Tuesday, March 12, 2013

Kwame and Annette- II


Kwame

I sat on the stairs outside her room and took another swig from the half empty bottle of cheap gin I had bought on my way to the pharmacy. 
I couldn’t sit in that room and watch her do the tests, I couldn't  take the tension and uncertainty that would coagulate into despair as she took each test. Because I knew she was pregnant. 
When I walked into the pharmacy and got the test I knew this was not a scare, or a hoax for attention on her part. She was pregnant. 
The tests were going to be positive and my life was over.  She was so pro life, so adamant in her stance on the evils of abortion. I remembered her as she argued with righteous indignation when they had had that discussion in class “I mean you have already committed the sin of fornication, would you really compound it by killing the only innocent party in all this, the poor baby!

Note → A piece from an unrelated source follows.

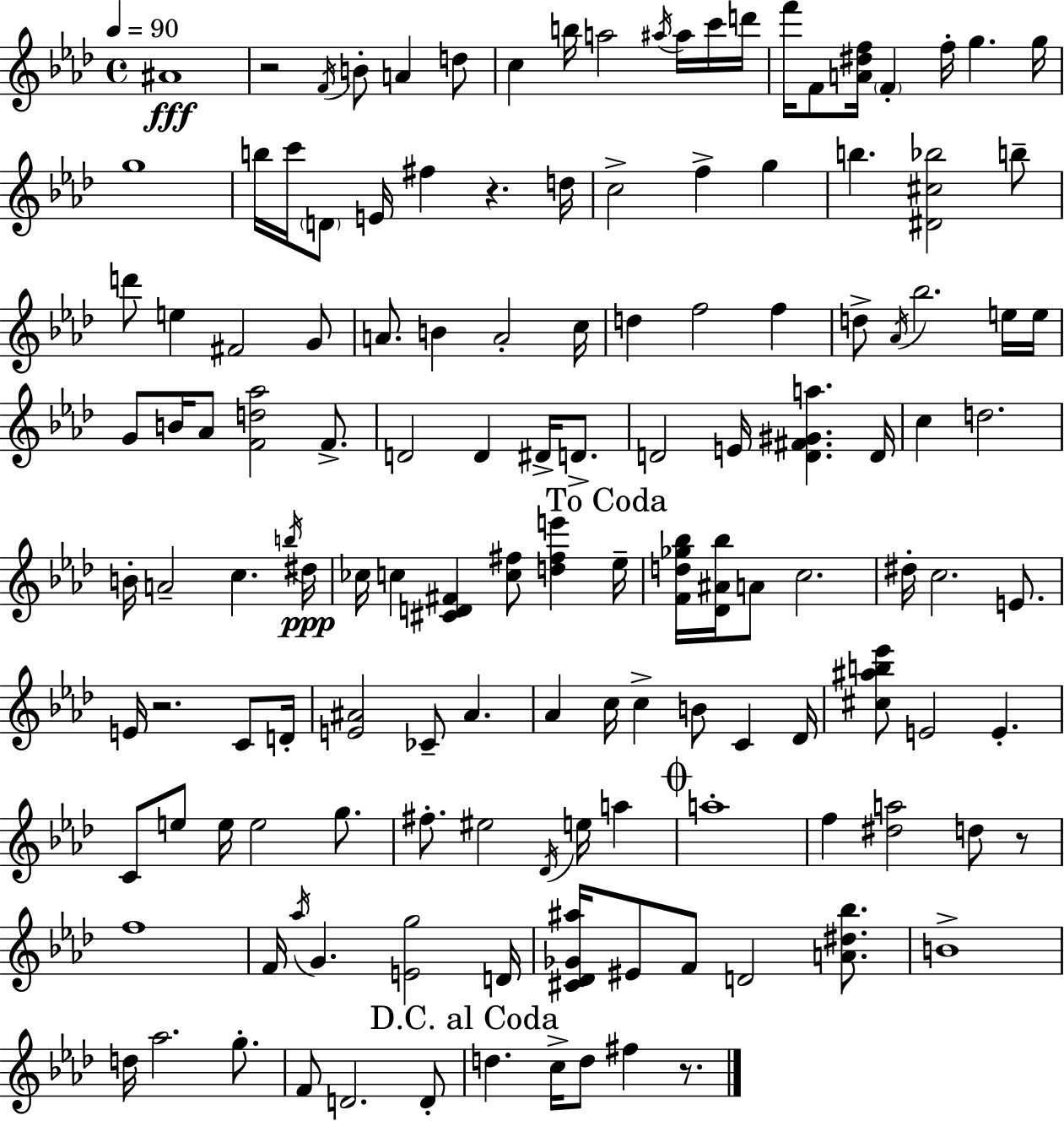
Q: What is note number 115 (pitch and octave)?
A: C5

It could grow up to be the person who would cure AIDS or bring world peace!” There was no way I could convince her to have an abortion. Plus I’d always promised myself I wouldn’t be one of those boys that coerced a girl into getting rid of an unwanted pregnancy. I would stand by her no matter what she chose.  But please let her choose an abortion I was not ready to be a father.

I heard the sound of weeping coming from her room and my worst fears crystallised.I dropped the now empty bottle of gin and crawled to her door. I sat down by the door listened to the sounds of her tears. Felt something wet on my cheeks and realised I was crying too. My life was over.
Then I noticed that the crying had ceased. I staggered up to the door and creaked it open. She was lying on her bed, her back to the door and curled up in the foetal position. I started to walk up to her then turned around.  I walked out of the room; continued walking till I reached the car park.  My drunken haze had disappeared. I had been scared sober by the realisation that I was going to be a father. I wished I could have stayed with her, comforted her but right then, at that moment she was the last person I wanted to see.